### Work to complete
Word for word, repeat the data; no picture should appear in the result.

### Supplied information
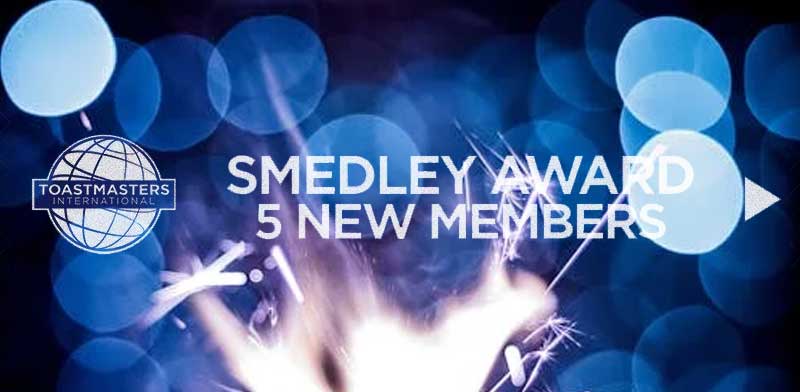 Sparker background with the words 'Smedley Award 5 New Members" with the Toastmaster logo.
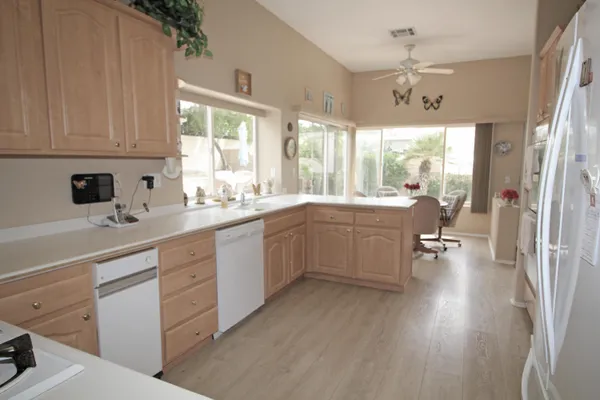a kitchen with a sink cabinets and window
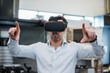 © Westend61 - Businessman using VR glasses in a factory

### Solution to the problem
 Sparker background with the words 'Smedley Award 5 New Members" with the Toastmaster logo.
a kitchen with a sink cabinets and window
 © Westend61 - Businessman using VR glasses in a factory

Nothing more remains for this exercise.